### How to complete this task
Copy nothing but the line with "Drumohr Half-Zip Wool" and the lines that follow it to the end of the entries below, and keep the pictures out.
---- Extracted data
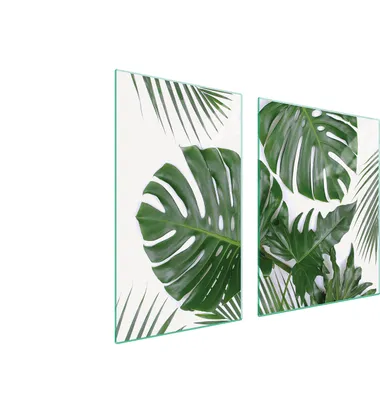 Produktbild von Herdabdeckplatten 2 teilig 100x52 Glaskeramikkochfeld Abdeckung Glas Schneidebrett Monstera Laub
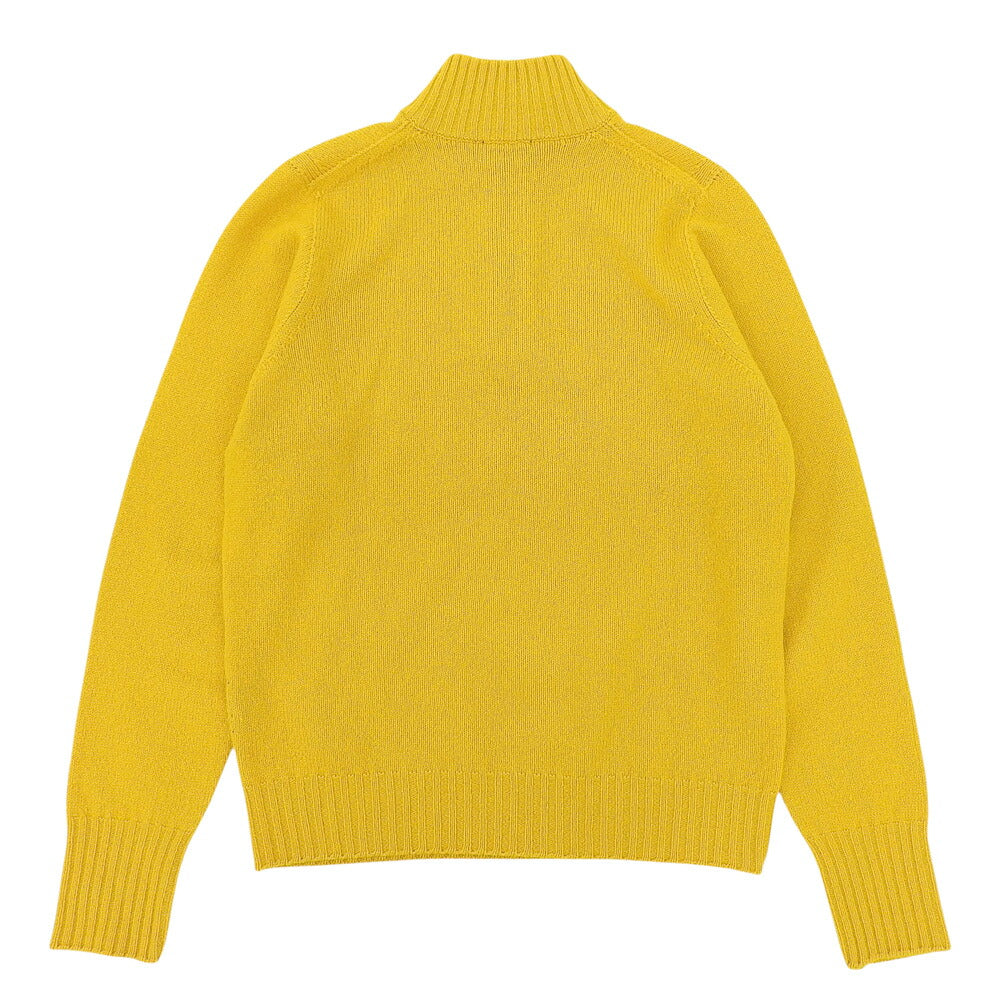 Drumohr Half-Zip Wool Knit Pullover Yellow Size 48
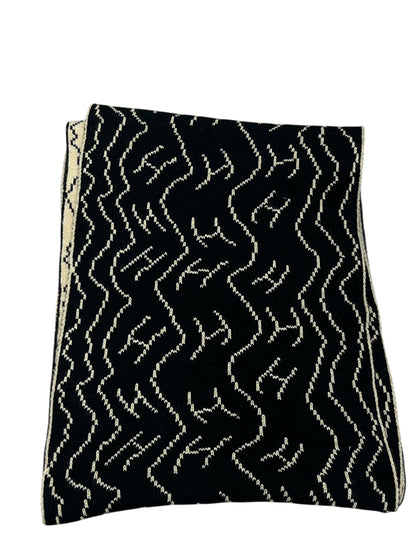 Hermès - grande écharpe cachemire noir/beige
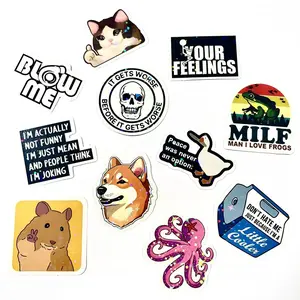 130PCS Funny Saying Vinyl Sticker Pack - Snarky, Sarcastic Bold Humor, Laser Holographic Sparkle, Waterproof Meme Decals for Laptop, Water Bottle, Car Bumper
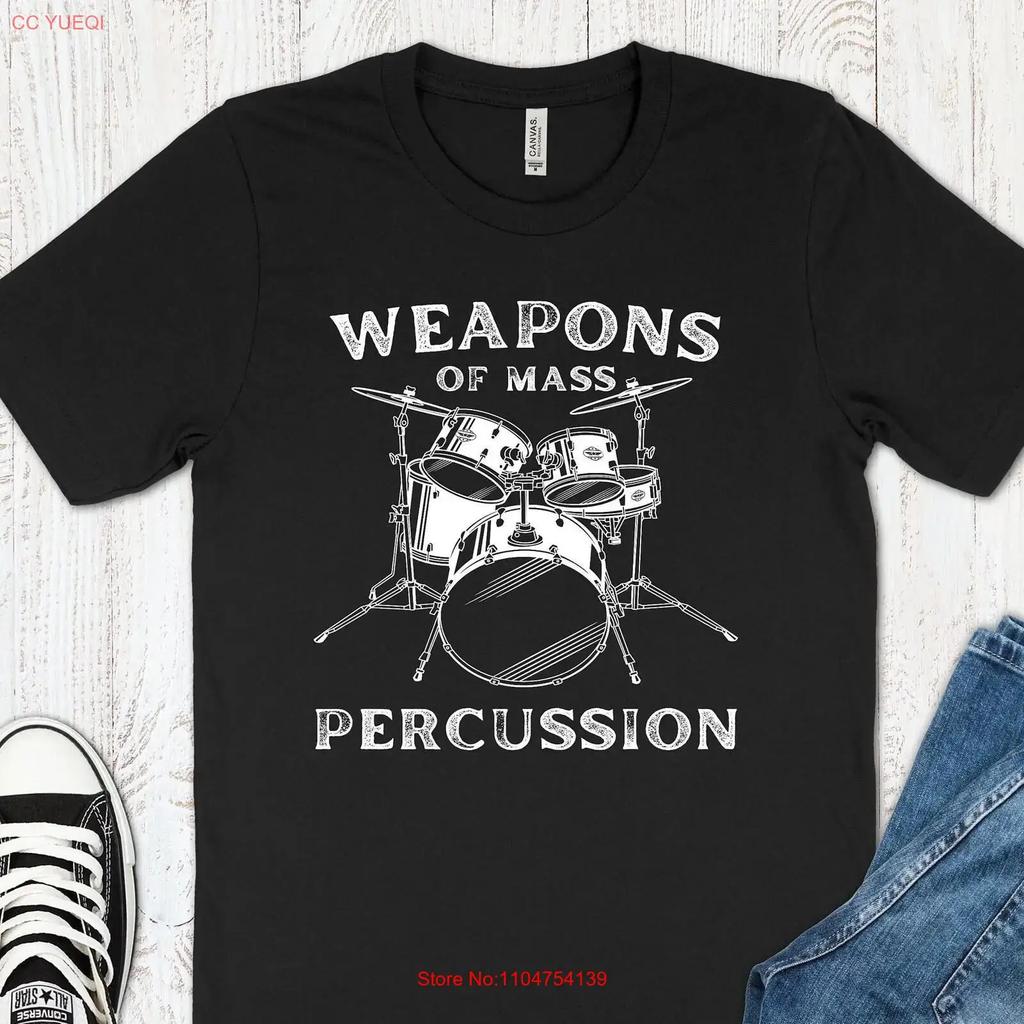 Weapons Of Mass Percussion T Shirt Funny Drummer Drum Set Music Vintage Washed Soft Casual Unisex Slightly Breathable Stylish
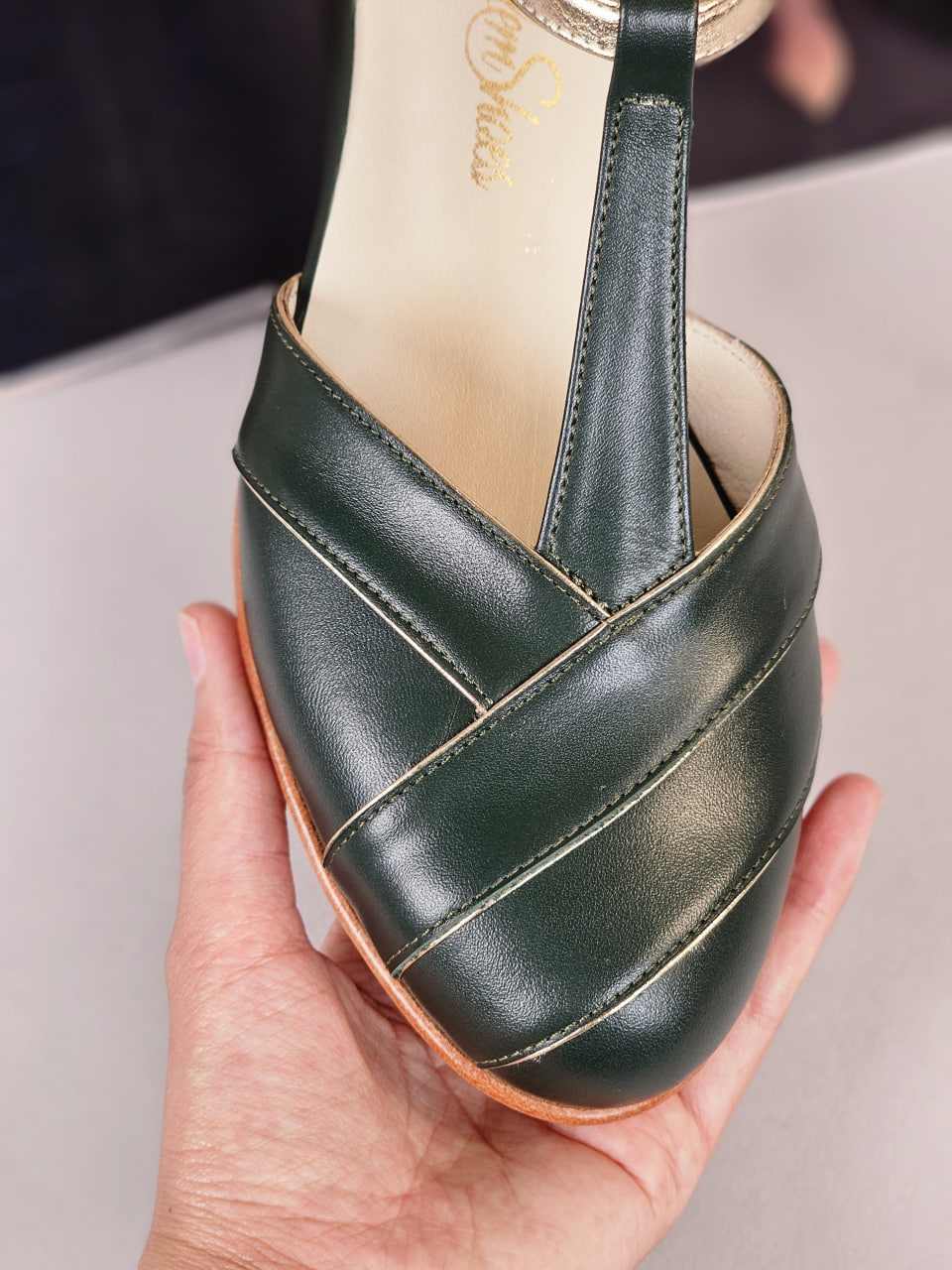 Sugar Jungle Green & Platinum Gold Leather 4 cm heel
--------
### Response to the exercise
 Drumohr Half-Zip Wool Knit Pullover Yellow Size 48
 Hermès - grande écharpe cachemire noir/beige
 130PCS Funny Saying Vinyl Sticker Pack - Snarky, Sarcastic Bold Humor, Laser Holographic Sparkle, Waterproof Meme Decals for Laptop, Water Bottle, Car Bumper
 Weapons Of Mass Percussion T Shirt Funny Drummer Drum Set Music Vintage Washed Soft Casual Unisex Slightly Breathable Stylish
 Sugar Jungle Green & Platinum Gold Leather 4 cm heel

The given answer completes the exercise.